### Crawled caption data

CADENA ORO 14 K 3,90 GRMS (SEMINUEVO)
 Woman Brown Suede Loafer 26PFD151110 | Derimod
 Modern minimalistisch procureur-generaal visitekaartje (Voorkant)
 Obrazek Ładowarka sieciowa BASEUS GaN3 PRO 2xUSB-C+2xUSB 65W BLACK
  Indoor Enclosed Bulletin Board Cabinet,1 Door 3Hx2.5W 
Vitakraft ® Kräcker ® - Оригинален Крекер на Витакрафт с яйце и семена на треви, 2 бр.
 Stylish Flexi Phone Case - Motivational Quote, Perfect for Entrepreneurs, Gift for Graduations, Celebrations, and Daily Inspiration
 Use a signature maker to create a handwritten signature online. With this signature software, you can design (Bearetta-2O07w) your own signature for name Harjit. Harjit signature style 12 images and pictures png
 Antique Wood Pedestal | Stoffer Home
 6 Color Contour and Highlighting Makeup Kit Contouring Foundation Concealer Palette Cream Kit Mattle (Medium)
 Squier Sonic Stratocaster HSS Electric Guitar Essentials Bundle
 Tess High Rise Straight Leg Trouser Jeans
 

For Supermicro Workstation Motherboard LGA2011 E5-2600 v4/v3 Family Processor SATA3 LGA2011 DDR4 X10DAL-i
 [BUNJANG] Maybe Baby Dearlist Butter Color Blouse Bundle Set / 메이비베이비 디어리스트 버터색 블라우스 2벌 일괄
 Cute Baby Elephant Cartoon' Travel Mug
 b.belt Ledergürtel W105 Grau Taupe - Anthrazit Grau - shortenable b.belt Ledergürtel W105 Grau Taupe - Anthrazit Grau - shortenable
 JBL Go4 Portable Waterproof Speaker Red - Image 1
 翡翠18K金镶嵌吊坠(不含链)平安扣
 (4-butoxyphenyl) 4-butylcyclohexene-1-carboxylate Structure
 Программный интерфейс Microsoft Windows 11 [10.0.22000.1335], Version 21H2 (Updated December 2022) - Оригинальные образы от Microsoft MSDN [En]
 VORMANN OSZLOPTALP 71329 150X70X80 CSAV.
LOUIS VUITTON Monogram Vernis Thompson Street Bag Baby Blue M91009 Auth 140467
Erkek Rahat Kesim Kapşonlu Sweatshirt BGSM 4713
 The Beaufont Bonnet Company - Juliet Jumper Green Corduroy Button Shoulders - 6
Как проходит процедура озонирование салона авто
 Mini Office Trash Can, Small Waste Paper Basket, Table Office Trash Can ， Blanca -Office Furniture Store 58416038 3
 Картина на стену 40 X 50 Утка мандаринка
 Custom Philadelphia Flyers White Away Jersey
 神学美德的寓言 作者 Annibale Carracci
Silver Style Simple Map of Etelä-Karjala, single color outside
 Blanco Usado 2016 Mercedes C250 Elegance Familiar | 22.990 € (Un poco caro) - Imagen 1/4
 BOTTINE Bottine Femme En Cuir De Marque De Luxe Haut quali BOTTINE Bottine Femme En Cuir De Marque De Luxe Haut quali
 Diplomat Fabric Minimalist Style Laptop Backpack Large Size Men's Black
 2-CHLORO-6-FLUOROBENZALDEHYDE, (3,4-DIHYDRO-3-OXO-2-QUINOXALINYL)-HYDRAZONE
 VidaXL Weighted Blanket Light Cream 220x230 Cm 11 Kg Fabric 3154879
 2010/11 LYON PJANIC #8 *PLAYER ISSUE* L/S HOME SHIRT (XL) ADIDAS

### TO DO
Would you return the entries exactly as they stand?

### SOLUTION FOR THIS TASK
CADENA ORO 14 K 3,90 GRMS (SEMINUEVO)
 Woman Brown Suede Loafer 26PFD151110 | Derimod
 Modern minimalistisch procureur-generaal visitekaartje (Voorkant)
 Obrazek Ładowarka sieciowa BASEUS GaN3 PRO 2xUSB-C+2xUSB 65W BLACK
  Indoor Enclosed Bulletin Board Cabinet,1 Door 3Hx2.5W 
Vitakraft ® Kräcker ® - Оригинален Крекер на Витакрафт с яйце и семена на треви, 2 бр.
 Stylish Flexi Phone Case - Motivational Quote, Perfect for Entrepreneurs, Gift for Graduations, Celebrations, and Daily Inspiration
 Use a signature maker to create a handwritten signature online. With this signature software, you can design (Bearetta-2O07w) your own signature for name Harjit. Harjit signature style 12 images and pictures png
 Antique Wood Pedestal | Stoffer Home
 6 Color Contour and Highlighting Makeup Kit Contouring Foundation Concealer Palette Cream Kit Mattle (Medium)
 Squier Sonic Stratocaster HSS Electric Guitar Essentials Bundle
 Tess High Rise Straight Leg Trouser Jeans
 

For Supermicro Workstation Motherboard LGA2011 E5-2600 v4/v3 Family Processor SATA3 LGA2011 DDR4 X10DAL-i
 [BUNJANG] Maybe Baby Dearlist Butter Color Blouse Bundle Set / 메이비베이비 디어리스트 버터색 블라우스 2벌 일괄
 Cute Baby Elephant Cartoon' Travel Mug
 b.belt Ledergürtel W105 Grau Taupe - Anthrazit Grau - shortenable b.belt Ledergürtel W105 Grau Taupe - Anthrazit Grau - shortenable
 JBL Go4 Portable Waterproof Speaker Red - Image 1
 翡翠18K金镶嵌吊坠(不含链)平安扣
 (4-butoxyphenyl) 4-butylcyclohexene-1-carboxylate Structure
 Программный интерфейс Microsoft Windows 11 [10.0.22000.1335], Version 21H2 (Updated December 2022) - Оригинальные образы от Microsoft MSDN [En]
 VORMANN OSZLOPTALP 71329 150X70X80 CSAV.
LOUIS VUITTON Monogram Vernis Thompson Street Bag Baby Blue M91009 Auth 140467
Erkek Rahat Kesim Kapşonlu Sweatshirt BGSM 4713
 The Beaufont Bonnet Company - Juliet Jumper Green Corduroy Button Shoulders - 6
Как проходит процедура озонирование салона авто
 Mini Office Trash Can, Small Waste Paper Basket, Table Office Trash Can ， Blanca -Office Furniture Store 58416038 3
 Картина на стену 40 X 50 Утка мандаринка
 Custom Philadelphia Flyers White Away Jersey
 神学美德的寓言 作者 Annibale Carracci
Silver Style Simple Map of Etelä-Karjala, single color outside
 Blanco Usado 2016 Mercedes C250 Elegance Familiar | 22.990 € (Un poco caro) - Imagen 1/4
 BOTTINE Bottine Femme En Cuir De Marque De Luxe Haut quali BOTTINE Bottine Femme En Cuir De Marque De Luxe Haut quali
 Diplomat Fabric Minimalist Style Laptop Backpack Large Size Men's Black
 2-CHLORO-6-FLUOROBENZALDEHYDE, (3,4-DIHYDRO-3-OXO-2-QUINOXALINYL)-HYDRAZONE
 VidaXL Weighted Blanket Light Cream 220x230 Cm 11 Kg Fabric 3154879
 2010/11 LYON PJANIC #8 *PLAYER ISSUE* L/S HOME SHIRT (XL) ADIDAS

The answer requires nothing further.